Zulip Chat Archive

Stream: lean4

Topic: PSA: Verified Regex Matching with PikeVM


pandaman (Jan 05 2024 at 11:37):

Let me introduce a Regex library that I have just completed the correctness proof in Lean :big_smile: The library uses a NFA-based PikeVM, which guarantees the linear worst-case run time. I'm also planning to further optimize the performance by profiling and reducing the allocations.

This is my first serious Lean project, and I'd appreciate any help or suggestions you can provide. Thanks!

https://github.com/pandaman64/lean-regex/tree/main

Martin Dvořák (Jan 05 2024 at 11:55):

Does it intentionally avoid docs#NFA from Mathlib?

pandaman (Jan 05 2024 at 12:03):

Yes. I wanted to explicitly control how the data is laid out in memory.

Martin Dvořák (Jan 05 2024 at 12:23):

Where is it done?

Kyle Miller (Jan 05 2024 at 12:29):

@Martin Dvořák Are there examples of docs#NFA being evaluated? That type seems good for purely theoretical arguments, which is great, but Set has no runtime representation.

Here's the NFA type: https://github.com/pandaman64/lean-regex/blob/main/Regex/NFA/Basic.lean#L72

Here's the NFA state: https://github.com/pandaman64/lean-regex/blob/main/Regex/NFA/VM/Basic.lean#L23

pandaman (Jan 05 2024 at 12:31):

You can find state transitions here: https://github.com/pandaman64/lean-regex/blob/9e6270b46436f7e147d1396bf67616fe8d86fd29/Regex/NFA/VM/Basic.lean#L337

Martin Dvořák (Jan 05 2024 at 12:32):

Oic now.
https://github.com/pandaman64/lean-regex/blob/main/Regex/NFA/Tests.lean
The regex is specified as a tree (inside there is array), the input is specified as a string.

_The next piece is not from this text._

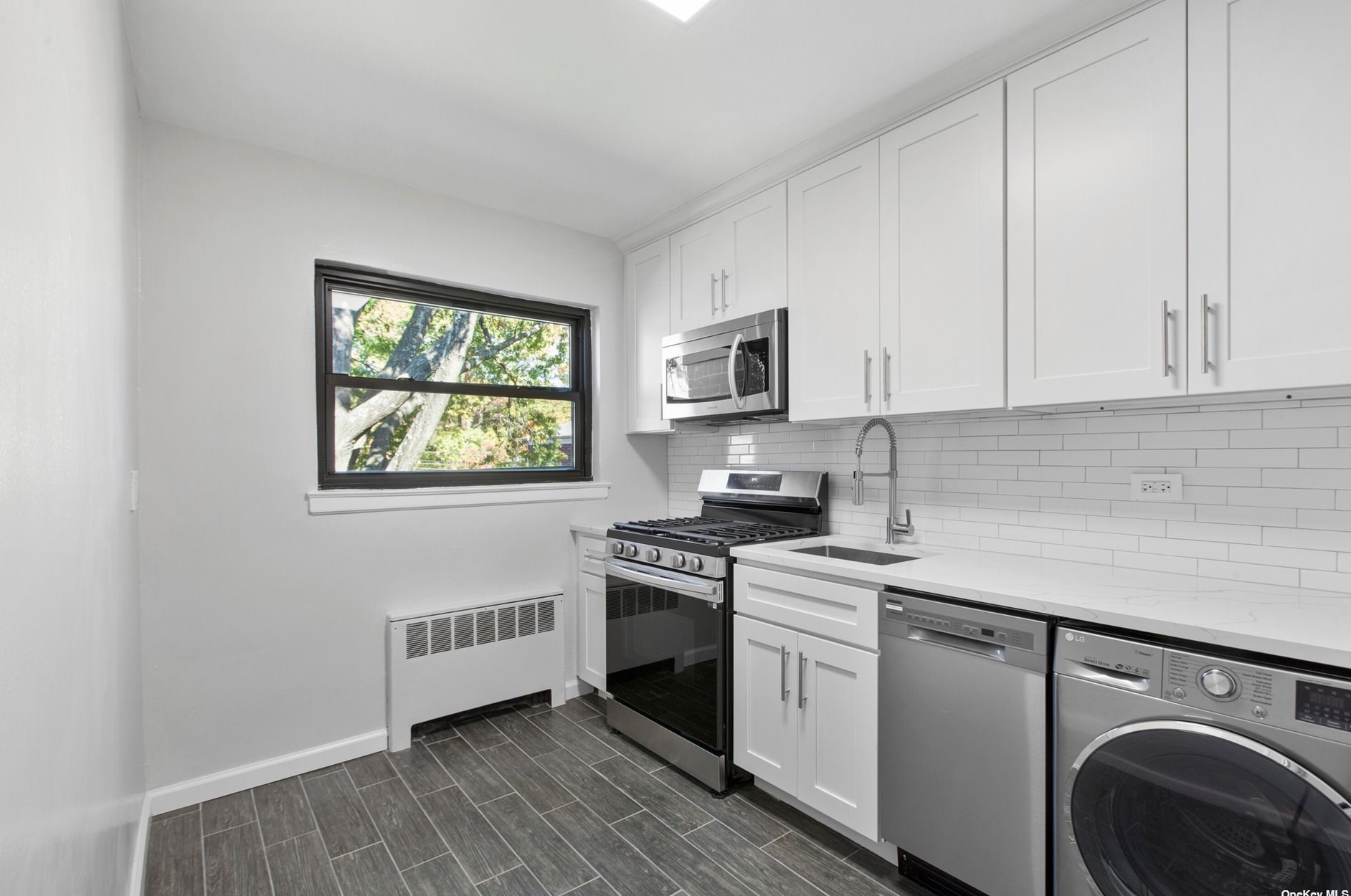 219-40 74th Ave, Flushing, NY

Kyle Miller (Jan 05 2024 at 12:37):

@pandaman Could you change the .char regex to take a Char -> Bool predicate instead of a Char? I'm not sure all the implications this would be to what you've done, but that would let you handle character ranges easily, which could otherwise be intractable to represent as a regex if it's a big unicode range. I'm assuming you could modify the VM similarly.

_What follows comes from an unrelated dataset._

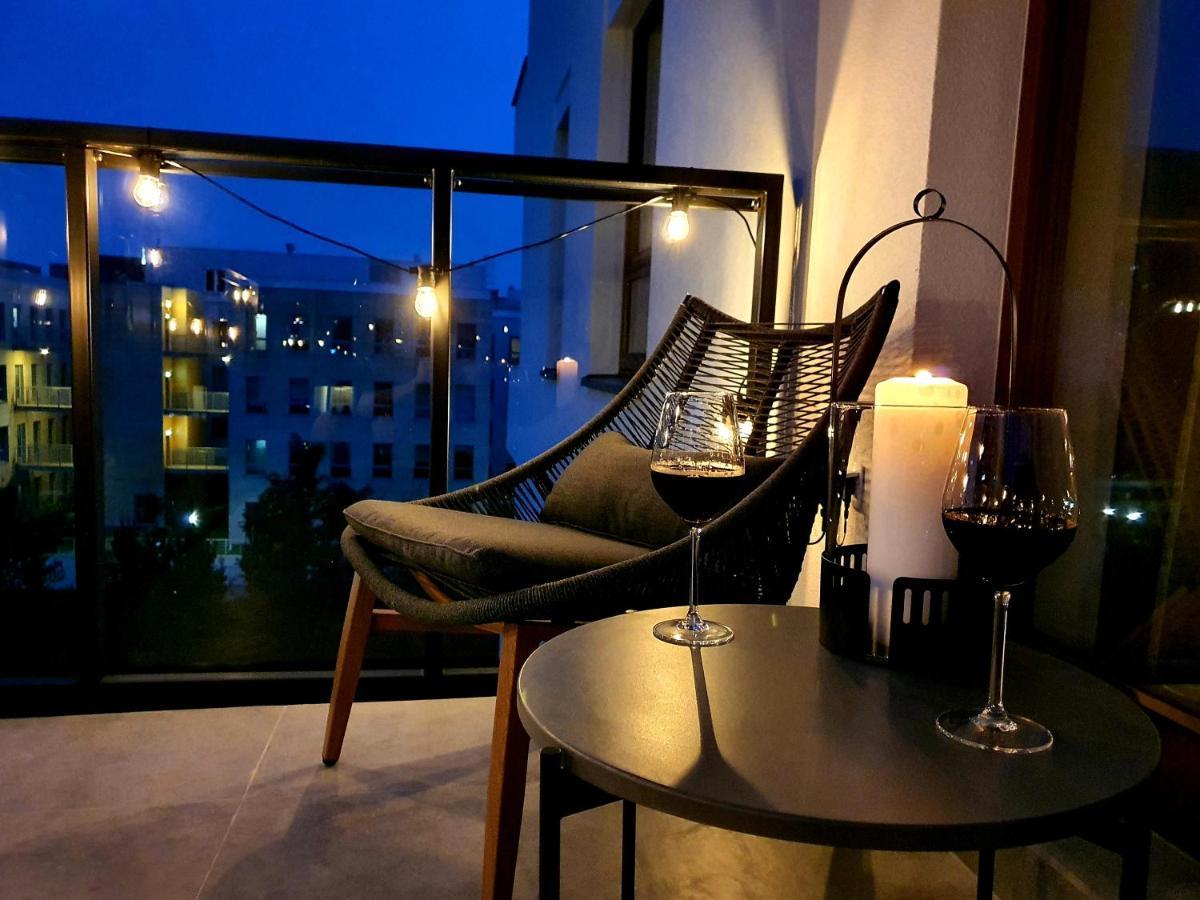 Lotnisko Chopina Modern Studio Varsó Kültér fotó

Kyle Miller (Jan 05 2024 at 12:41):

(For the NFA state, I saw you mentioned bitvec, which would be a really good improvement to its efficiency. It looks like you already were careful to create an API around NodeSet, which hopefully makes the transition fairly painless! One first step you could do is change that from an abbrev to a def to see where you're accidentally using its definition.)

pandaman (Jan 05 2024 at 12:51):

Thank you for the suggestions! I'm planning to do some benchmarking via rebar to measure the base libe performance first, but these suggestions totally make sense.
One thing I'm unsure about the bitvec is how to reuse allocations. It uses Nat under the hood, and I'm wondering if we need to reallocate the bigint for each iteration (while we can reuse arrays by clearing it): https://github.com/leanprover/std4/blob/0f6bc5b32bf5b0498902d3b5f0806c75530539d5/Std/Data/BitVec/Basic.lean#L29

Kyle Miller (Jan 05 2024 at 13:09):

Hmm, I'm not sure whether Lean can re-use Nats like it can an Array. (I also don't see any API for setting bits for bitvec)

Kyle Miller (Jan 05 2024 at 13:13):

I suppose Array Bool might not be that bad of a representation -- if I remember correctly, while Array Bool might be an array of pointers, at least the Bool values are packed inside the pointers, so there's no indirection. (I could be misremembering this detail about the Lean runtime.)

Henrik Böving (Jan 05 2024 at 13:17):

Kyle Miller said:

I suppose Array Bool might not be that bad of a representation -- if I remember correctly, while Array Bool might be an array of pointers, at least the Bool values are packed inside the pointers, so there's no indirection. (I could be misremembering this detail about the Lean runtime.)

This is corrext, Array Bool will be represented as an Array of tagged pointers so if you access the bool it has to be shifted etc. If you wish an even more efficient representation you should use docs#ByteArray

James Gallicchio (Jan 06 2024 at 09:09):

I'm putting together a bitvec implementation based on ByteArrays over in LeanColls, if it is of use to anyone :stuck_out_tongue_closed_eyes:

Joe Hendrix (Jan 11 2024 at 23:08):

I'd guess ByteArray is most efficient for dense bit arrays and either BitVec or a hash map is more efficient for sparse bit arrays depending on layout. It'd be great to get benchmarks on this though.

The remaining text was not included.